平成18年12月10日の調査活動に基づき、以下の書簡を桜川市教育委員会に送付致しました。

 拝啓、貴委員会におかれましては時下益々御清栄のこととお慶び申し上げます。
我々は、特定非営利活動法人城塞史跡協会と申し、各地の城塞史跡について調査・研究、情報収集・発信等を行う団体であります。 今回、去る12月10日に貴市にあります羽黒山城跡及び棟峰城跡を踏査した際、拝見致しました両城跡に係る標柱について意見を寄せるものであります。

 両城跡の標柱は、羽黒山に鎮座する二所神社の参道入口(西小塙)に存在し、標柱の設置は旧岩瀬町の教育委員会が行ったところであります(標柱の記載より)。

 まず、羽黒山城跡の標柱は根本から折れて参道に向かって右脇に倒れている状態でありましたので、機会を見て立て直して頂ければ幸いです。
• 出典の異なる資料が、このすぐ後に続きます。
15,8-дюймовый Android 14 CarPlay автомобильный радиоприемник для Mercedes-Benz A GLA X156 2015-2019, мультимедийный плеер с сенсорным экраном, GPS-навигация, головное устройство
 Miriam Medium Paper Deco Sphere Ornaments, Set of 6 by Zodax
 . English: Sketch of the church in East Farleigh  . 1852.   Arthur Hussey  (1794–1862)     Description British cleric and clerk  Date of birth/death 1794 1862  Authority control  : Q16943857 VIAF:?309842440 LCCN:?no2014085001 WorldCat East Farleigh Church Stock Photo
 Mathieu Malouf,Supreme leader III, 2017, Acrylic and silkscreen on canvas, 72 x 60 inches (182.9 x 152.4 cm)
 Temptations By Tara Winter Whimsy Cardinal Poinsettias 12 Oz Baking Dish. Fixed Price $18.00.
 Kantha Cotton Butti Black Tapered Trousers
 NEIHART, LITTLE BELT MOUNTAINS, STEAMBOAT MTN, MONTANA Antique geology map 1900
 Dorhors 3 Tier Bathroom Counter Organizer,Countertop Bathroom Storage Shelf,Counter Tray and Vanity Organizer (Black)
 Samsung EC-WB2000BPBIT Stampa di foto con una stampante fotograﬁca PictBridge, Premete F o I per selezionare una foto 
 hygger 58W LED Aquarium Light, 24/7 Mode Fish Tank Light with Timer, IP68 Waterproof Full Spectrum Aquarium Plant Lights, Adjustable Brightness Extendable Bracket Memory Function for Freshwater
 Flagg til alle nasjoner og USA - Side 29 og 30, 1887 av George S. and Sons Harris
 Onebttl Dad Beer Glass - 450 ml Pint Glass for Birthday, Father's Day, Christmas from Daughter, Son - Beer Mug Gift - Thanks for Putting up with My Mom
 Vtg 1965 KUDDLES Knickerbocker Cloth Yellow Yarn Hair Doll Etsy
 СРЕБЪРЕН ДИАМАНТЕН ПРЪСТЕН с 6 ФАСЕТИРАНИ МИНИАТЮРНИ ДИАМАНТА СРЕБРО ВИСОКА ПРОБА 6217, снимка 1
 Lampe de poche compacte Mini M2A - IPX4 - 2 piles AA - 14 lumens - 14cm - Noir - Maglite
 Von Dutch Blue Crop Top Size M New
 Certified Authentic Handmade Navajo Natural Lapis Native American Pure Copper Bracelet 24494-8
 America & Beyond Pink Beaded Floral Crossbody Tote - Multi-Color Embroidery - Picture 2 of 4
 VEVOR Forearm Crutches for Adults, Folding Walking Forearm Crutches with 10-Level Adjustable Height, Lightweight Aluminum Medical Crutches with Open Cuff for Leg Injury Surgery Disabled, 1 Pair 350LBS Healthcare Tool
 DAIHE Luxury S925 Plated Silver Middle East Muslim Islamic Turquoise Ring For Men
 次に棟峰城跡の標柱ですが、これは参道に向かって左脇に立っておりました(添付写真1)。 問題は、参道を登って行った場合、羽黒山城跡までは道が付いておりますが、棟峰城跡に至る道は確認し難かったことであります。 羽黒山城のいわゆる「大堀切」の先数百メートルが棟峰城跡ですが、テープ等で誘導される小道は大堀切辺りで途絶えており、一般の方は棟峰城跡に至ることは困難かと思われます。
 一方、羽黒山を登る途中、テープ等で誘導される分岐があり(添付写真2)、これは別途山麓に至る道と思われますが、麓に標柱が2本立つことから、羽黒山城跡を踏査した者が、棟峰城跡をこの方向と考える危険性があります。

 こうした危険性を回避する方策としては、

@棟峰城跡への道が不分明である現状において、棟峰城跡への道を整備する予定がないのであれば、登山者に安易に城跡に至るとの誤解を与える危険性があることから、この際、棟峰城跡の標柱(添付写真1)は撤去する。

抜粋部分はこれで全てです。